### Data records
------------------------------------

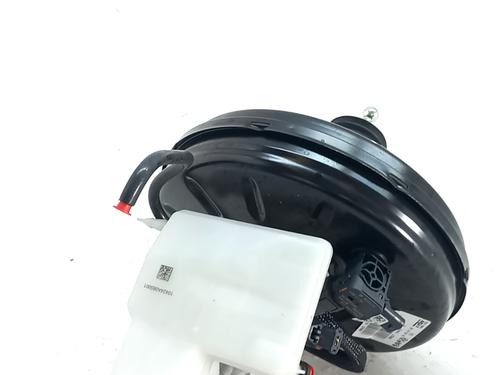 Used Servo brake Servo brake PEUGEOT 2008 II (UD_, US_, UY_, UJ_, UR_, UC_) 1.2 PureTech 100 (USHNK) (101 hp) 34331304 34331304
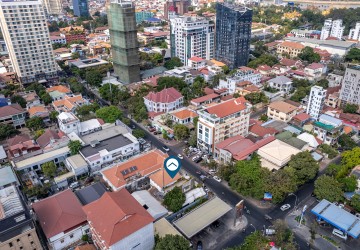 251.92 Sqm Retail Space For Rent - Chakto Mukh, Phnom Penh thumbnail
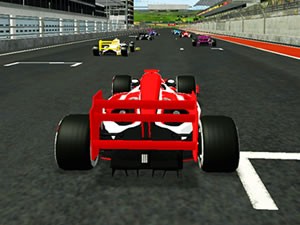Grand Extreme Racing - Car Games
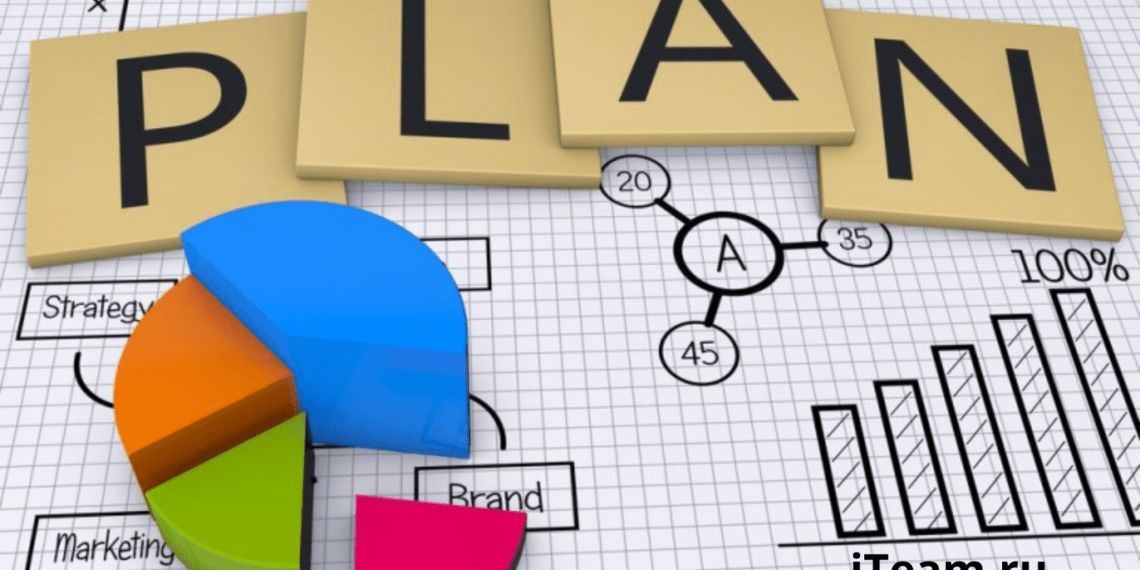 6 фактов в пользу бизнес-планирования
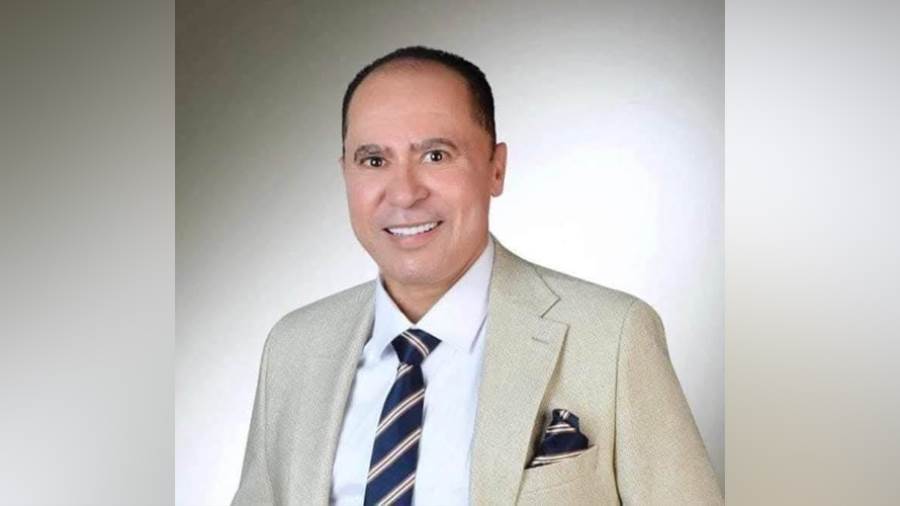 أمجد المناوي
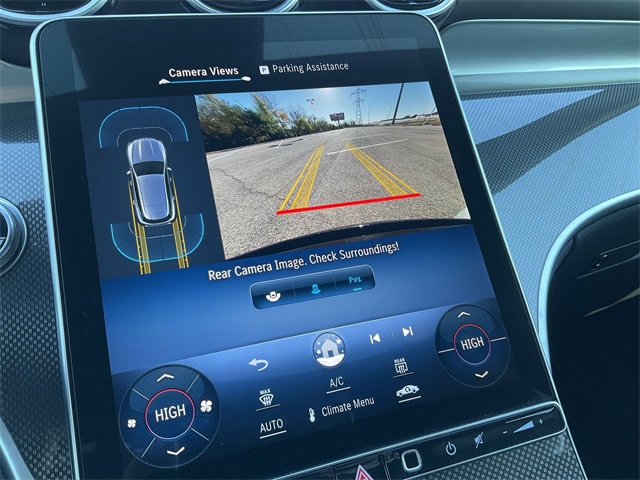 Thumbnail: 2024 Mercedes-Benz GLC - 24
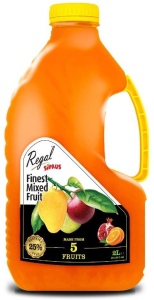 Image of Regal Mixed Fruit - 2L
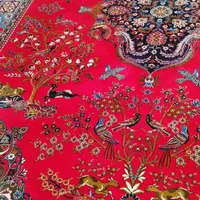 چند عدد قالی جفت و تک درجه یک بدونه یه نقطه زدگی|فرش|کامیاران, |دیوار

------------------------------------

### TASK DESCRIPTION
Your copy should hold exactly the lines from the one with "6 фактов в пользу бизнес-планирования" through the end of the records, both included, and no pictures.

### SOLUTION
 6 фактов в пользу бизнес-планирования
 أمجد المناوي
 Thumbnail: 2024 Mercedes-Benz GLC - 24
 Image of Regal Mixed Fruit - 2L
 چند عدد قالی جفت و تک درجه یک بدونه یه نقطه زدگی|فرش|کامیاران, |دیوار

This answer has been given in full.